## Excerpts from a dataset
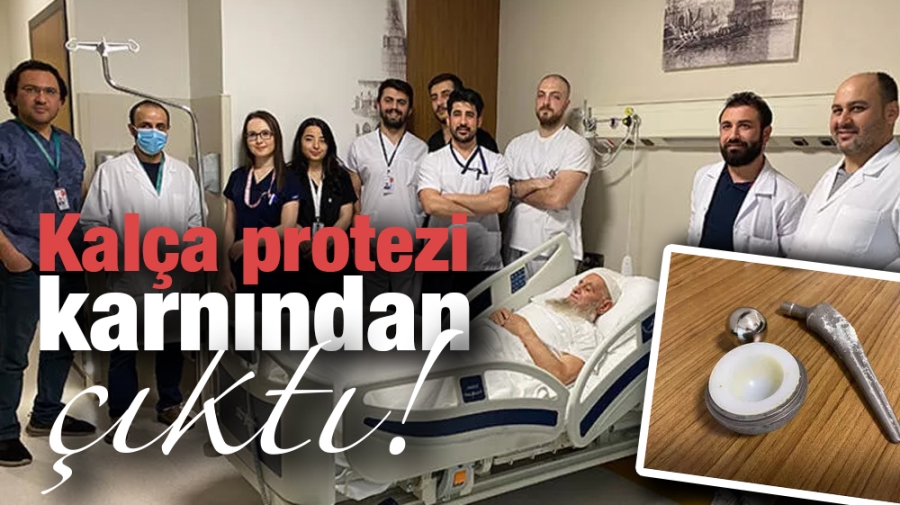 Kalça protezi karnından çıktı!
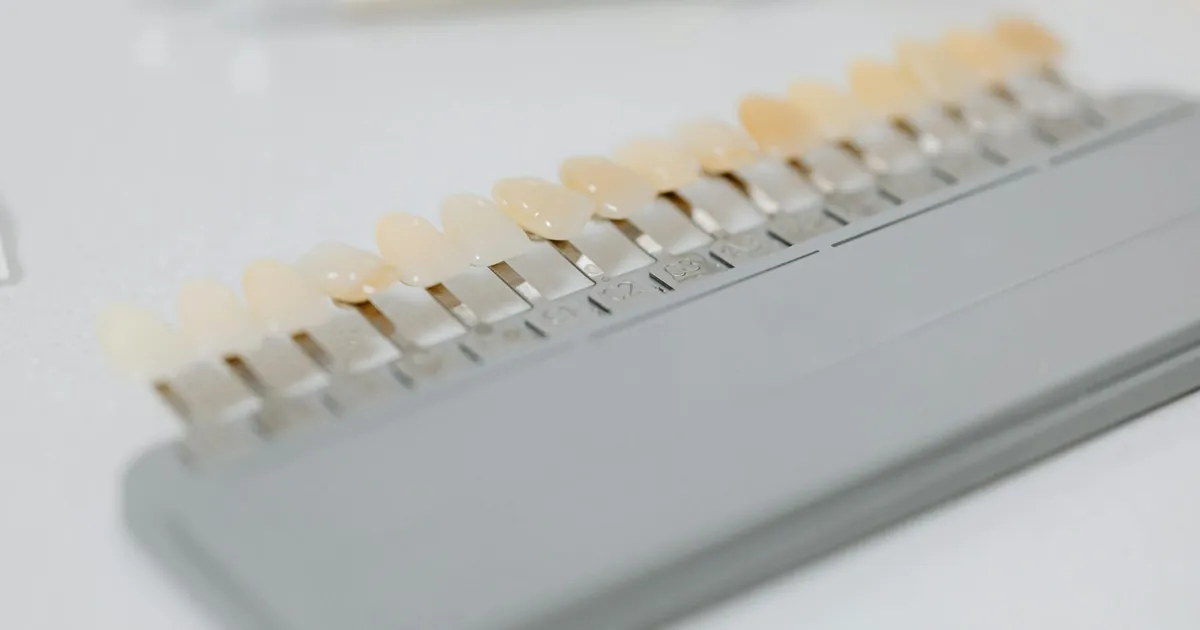 Close-up image of a dental shade guide displaying various tooth color options.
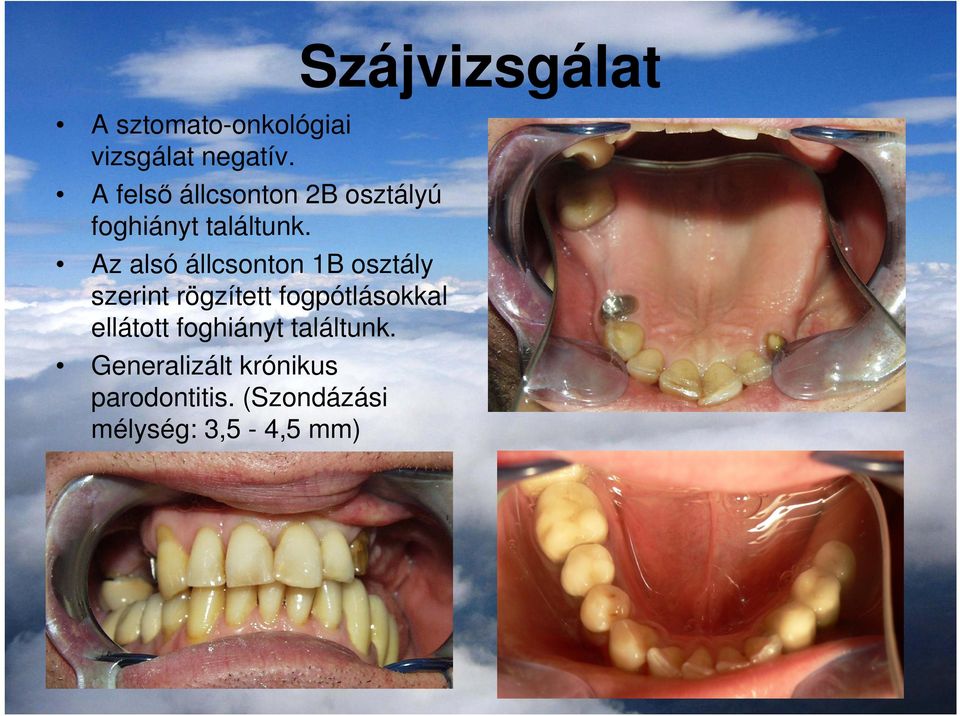 Az alsó állcsonton 1B osztály szerint rögzített fogpótlásokkal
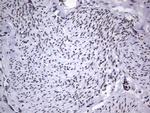 PPP1R8 Antibody in Immunohistochemistry (Paraffin) (IHC (P))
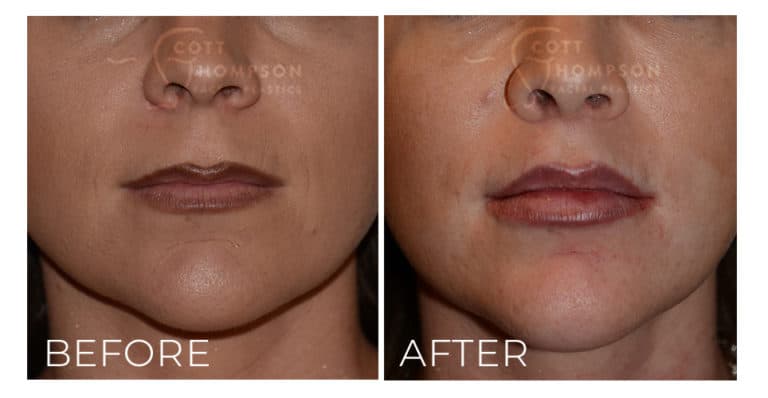 Lip Lift Recovery | Utah Facial Plastics | Layton & Draper, Ut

## Task objective
Your copy must repeat the data word for word and show none of its images.

## Reply to the task
 Kalça protezi karnından çıktı!
 Close-up image of a dental shade guide displaying various tooth color options.
 Az alsó állcsonton 1B osztály szerint rögzített fogpótlásokkal
 PPP1R8 Antibody in Immunohistochemistry (Paraffin) (IHC (P))
 Lip Lift Recovery | Utah Facial Plastics | Layton & Draper, Ut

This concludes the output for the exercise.